Understanding Connection Through the Lens of Maslow’s Hierarchy of Needs
How Maslow’s Hierarchy of Needs Shapes Our Connection With Ourselves and Others
Most of us want deeper connection - within ourselves, our relationships, our families, and our communities. But often, we only see the surface: irritability, conflict, disconnection, loneliness, or struggling to feel present.
One of the most helpful frameworks for understanding why these patterns show up is Maslow’s Hierarchy of Needs, a psychological model showing the layers of human needs that influence our wellbeing and relationships.
When we understand these needs, we can better recognize what’s happening inside us and what our loved ones might be needing too.
1. Physiological Needs: The Foundation of Emotional Connection
At the base of Maslow’s pyramid are our most basic needs: sleep, nourishment, hydration, and rest.
When these are unmet, both self-connection and relational connection suffer.
It’s harder to regulate emotions.
Small conflicts feel bigger.
Anxiety intensifies.
We lose access to empathy and patience.
This is especially relevant during seasons like pregnancy, postpartum, or high stress.
Improving connection often starts with something simple: restoring the body. As therapists often say, “You can’t pour from an empty cup.” Before working on communication skills or emotional intimacy, we may need to tend to sleep, food, or rest first.

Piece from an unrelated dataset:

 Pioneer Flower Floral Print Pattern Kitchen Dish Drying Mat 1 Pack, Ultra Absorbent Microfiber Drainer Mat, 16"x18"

2. Safety & Security: The Ground for Trust
The second level includes physical safety, emotional safety, financial stability, and predictability. When we don’t feel safe (externally or internally) it affects how we show up:
We become guarded or reactive.
We struggle to trust others.
We look for control instead of connection.
Our nervous system stays on alert, leaving little room for curiosity or vulnerability.

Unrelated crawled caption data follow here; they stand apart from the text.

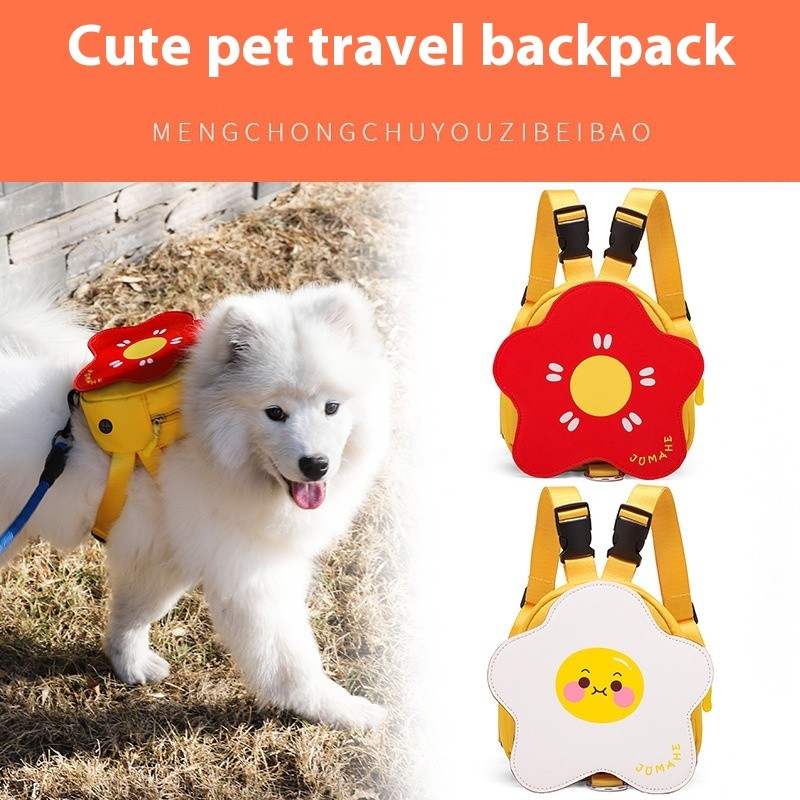 Pawsfun Pet Cartoon Traction Self-Backpack Dog Outing Self-Backpack Dog Walking Dog Snack Bag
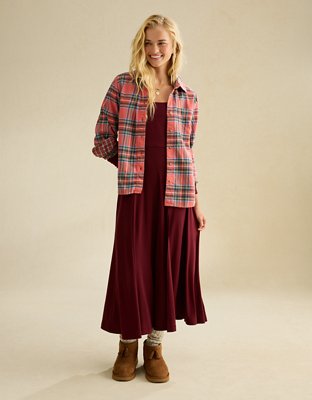 Женское платье American Eagle AE Square Neck Side Slit Midi, цвет: Тёмно-бордовый — фото 4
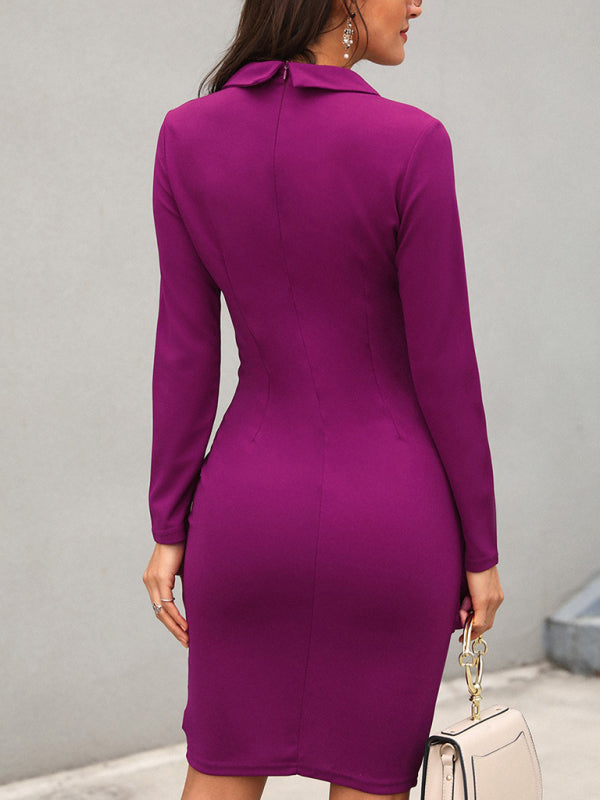 Blue Zone Planet | Ladies Elegant Slim Suit Collar Dress BLUE ZONE PLANET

A regulated nervous system is one of the greatest gifts we can bring into any relationship.
This is where practices like boundaries, grounding skills, routine, and therapy become powerful - they rebuild our sense of internal safety, which strengthens connection everywhere else.
3. Love & Belonging: Where Connection Comes Alive
This is the level most people think of when they imagine “connection”:
friendship, intimacy, family relationships, and community.
But the truth is we cannot fully engage in relational connection if our physiological and safety needs are unmet.
Once those are supported, we can begin to show up with:
Openness
Empathy
Attunement
Curiosity
The ability to give and receive love
This level reminds us that belonging is a core human need—not a luxury. We are wired for connection. And when this need is nurtured, both self-esteem and relational resilience grow.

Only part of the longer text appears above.